After a delay of almost nine months, decried by critics as a brazen attempt by the Conservative Party to avoid bad press ahead of the December 2019 general election, the report is the result of an 18-month inquiry by a cross-party committee of members of both parliamentary houses, reviewing expert evidence provided by the country’s intelligence agencies.

Though much-redacted, it decisively concludes that too little has been done to address the creeping influence of Russian oligarchs within British public life, and that a willingness to turn a blind eye to the influx of money from the former Soviet Union through the U.K. financial system has threatened to turn the nation’s capital into little more than a global laundromat for dirty money.

“The government cannot simply shrug off this report,” McFadden reportedly said. “We need a strong response both in terms of our own security and the protection of the rule of law. It does our economy no good if corruption and illicit funding is allowed to go unchallenged.”

During a parliamentary session last week, Nick Thomas-Symonds, Labour’s shadow home secretary, also said that the level of perceived Russian interference in U.K. politics “exposes deep systematic failings in the government’s approach to security.”

“On every level the Government’s response does not appear to be equal to the threat,” he added.

In its report, the committee particularly emphasised that money laundering through London’s property market by Russian businessmen had escalated to such a degree that real estate agents had become “de-facto agents of the Russian state.”

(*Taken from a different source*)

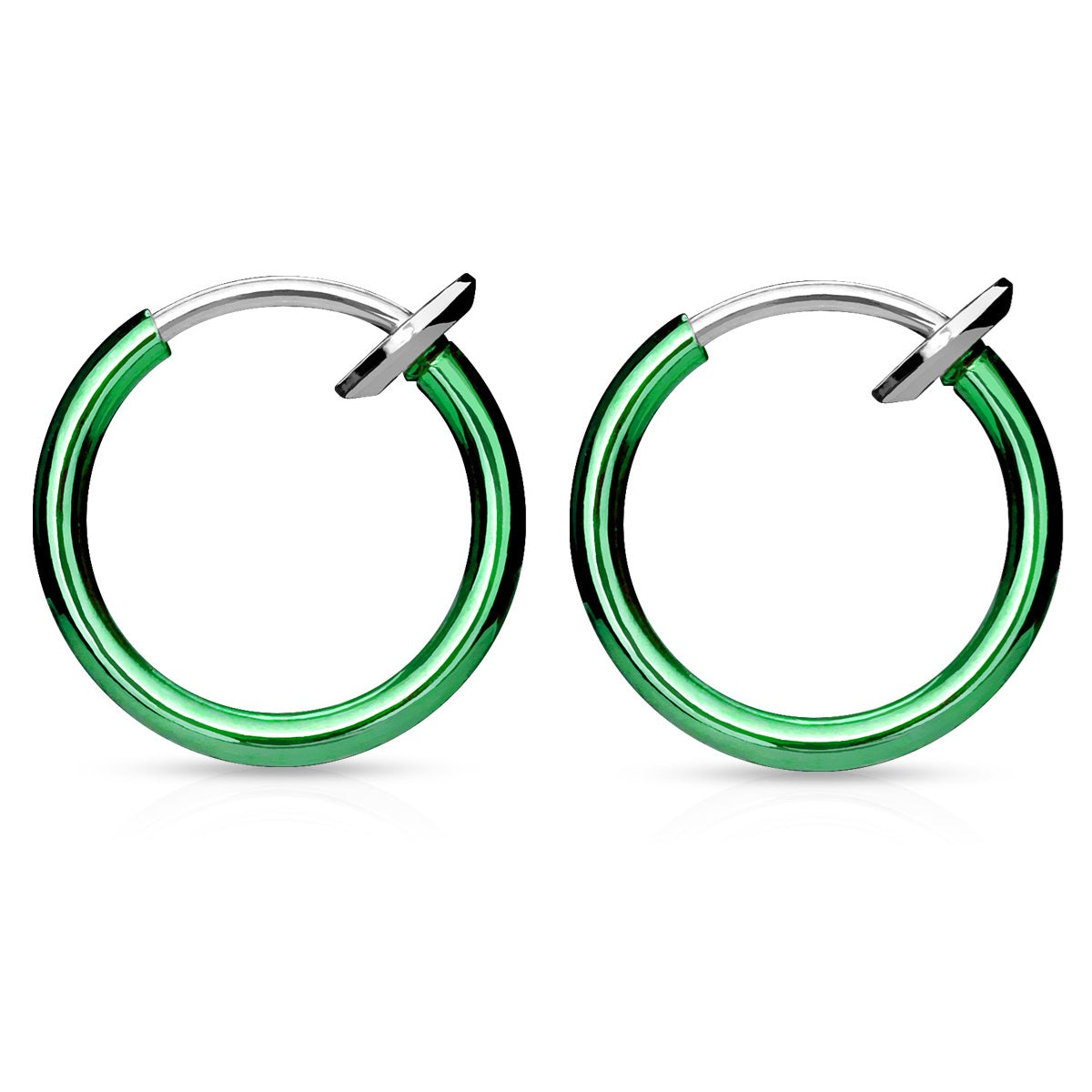 Mini Clip On Spring Hoop Earrings for Non-Pierced Ears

Meanwhile, these oligarchs have been “welcomed with open arms” by actors “across a wide sphere of the British establishment,” from legal firms, PR outfits, charities, academia and cultural institutions, right up to the country’s political parties.

The flow of money from Russian donors into the ruling Conservative Party’s coffers has long been a source of concern in the U.K.

In November 2019, despite repeated pledges from the party’s leadership to distance themselves from Russian money, investigative outfit openDemocracy revealed that oligarchs had in fact been upping their donations, not decreasing them.

Subsequently, Jeff Rooker, a former Labour minister and member of the House of Lords - the U.K.’s upper parliamentary house - on Wednesday accused Prime Minister Boris Johnson of “prostituting” himself and his party for donations, according to The New European.